1

I have been scraping a data for every 30 seconds and storing it in this model.

class Frequency(models.Model):
    """Store the frequency  scraped"""
    timestamp = models.DateTimeField()
    frequency = models.DecimalField(max_digits=5, decimal_places=2)

Now i have been given a task that for every 15 minutes of a day i have to average out the results and group into something like 08:15-08:30, 08:30-08:45 .... 23:45-24:00.

What i thought is to use two loops. The outer one will loop in the hours in a day and the inner one will loop in (00, 15, 30, 45) and then alter todays datetime.now() and filter it.
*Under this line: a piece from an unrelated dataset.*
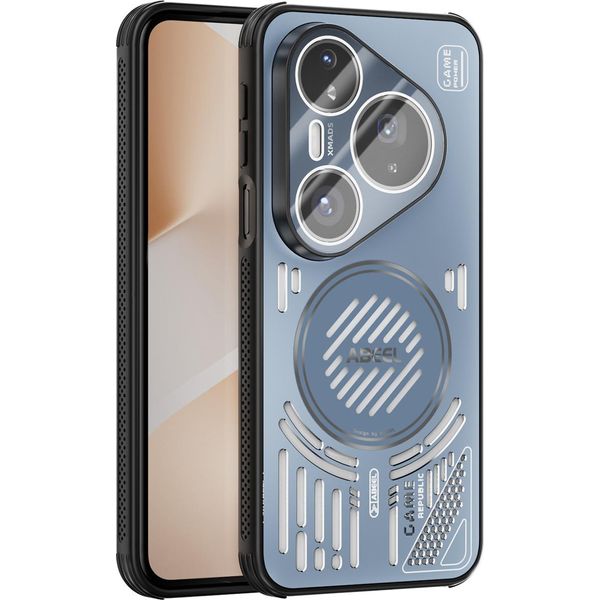 Custodia Magnetica Per Huawei Pura 80 Pro/Pura 80 Pro+ Custodia Protettiva Antiurto In Alluminio Con Dissipazione Del Calore E Pellicola Per Lenti Blu-image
Is there any better way or this is fine??

1 Answers1

2

By filtering independently for each time span, you'll make 24*4 database queries for each day, which is like a lot for such a simple operation. To make it in one query you can annotate your frequencies queryset and set closest_quarter_of_hour for each object. Then you can just take average frequency with aggregate and make a SQL group by clause with Django values method.

from django.db.models import CharField, Case, When, Q, Value, Avg
from django.db.models.functions import ExtractHour, ExtractMinute

today = timezone.now().date()
frequencies = Frequency.objects.filter(timestamp__date=today).annotate(
    hour=ExtractHour("timestamp"),
    minute=ExtractMinute("timestamp"),
).annotate(
    closest_quarter_of_hour=Case(
        When(minute__gte=0, minute__lt=15, then=Value('00-15')),
        When(minute__gte=15, minute__lt=30, then=Value('15-30')),
        When(minute__gte=30, minute__lt=45, then=Value('30-45')),
        When(minute__gte=45, then=Value('45-00')),
        output_field=CharField(),
    )
).aggregate(Avg("frequency")).values("hour", "closeset_quarter_of_hour")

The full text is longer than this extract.